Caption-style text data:
◇ ◇ ◇ ◇ ◇ ◇ ◇

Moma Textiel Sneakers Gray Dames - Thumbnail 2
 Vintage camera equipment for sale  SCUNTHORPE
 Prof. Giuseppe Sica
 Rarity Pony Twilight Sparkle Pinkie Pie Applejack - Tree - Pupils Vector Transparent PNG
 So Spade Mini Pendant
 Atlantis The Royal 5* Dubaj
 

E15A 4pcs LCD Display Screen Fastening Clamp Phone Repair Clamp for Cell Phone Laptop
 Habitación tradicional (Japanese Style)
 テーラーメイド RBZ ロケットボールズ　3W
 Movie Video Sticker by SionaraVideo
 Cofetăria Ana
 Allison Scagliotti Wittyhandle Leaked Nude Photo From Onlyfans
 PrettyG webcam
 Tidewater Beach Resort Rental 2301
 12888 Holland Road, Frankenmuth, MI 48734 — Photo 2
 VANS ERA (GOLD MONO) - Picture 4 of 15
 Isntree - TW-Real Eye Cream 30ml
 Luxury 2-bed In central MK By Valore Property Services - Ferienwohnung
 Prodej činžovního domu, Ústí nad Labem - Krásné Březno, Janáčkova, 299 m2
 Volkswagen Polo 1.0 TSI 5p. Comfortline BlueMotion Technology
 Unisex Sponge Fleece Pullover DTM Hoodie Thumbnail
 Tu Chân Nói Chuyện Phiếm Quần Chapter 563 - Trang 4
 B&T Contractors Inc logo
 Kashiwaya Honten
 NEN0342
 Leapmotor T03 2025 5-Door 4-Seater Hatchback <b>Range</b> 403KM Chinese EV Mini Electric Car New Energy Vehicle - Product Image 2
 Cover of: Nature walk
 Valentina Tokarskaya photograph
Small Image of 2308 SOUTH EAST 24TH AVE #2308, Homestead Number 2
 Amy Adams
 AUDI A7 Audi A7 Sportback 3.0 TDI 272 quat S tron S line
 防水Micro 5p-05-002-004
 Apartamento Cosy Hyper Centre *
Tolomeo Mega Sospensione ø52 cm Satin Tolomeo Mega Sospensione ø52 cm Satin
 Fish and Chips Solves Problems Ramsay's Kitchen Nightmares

◇ ◇ ◇ ◇ ◇ ◇ ◇

= EXERCISE INSTRUCTIONS =
Your answer must be the lines from the one containing "Valentina Tokarskaya photograph" to the last line of the entries, repeated exactly and with nothing else.

= TASK RESPONSE =
 Valentina Tokarskaya photograph
Small Image of 2308 SOUTH EAST 24TH AVE #2308, Homestead Number 2
 Amy Adams
 AUDI A7 Audi A7 Sportback 3.0 TDI 272 quat S tron S line
 防水Micro 5p-05-002-004
 Apartamento Cosy Hyper Centre *
Tolomeo Mega Sospensione ø52 cm Satin Tolomeo Mega Sospensione ø52 cm Satin
 Fish and Chips Solves Problems Ramsay's Kitchen Nightmares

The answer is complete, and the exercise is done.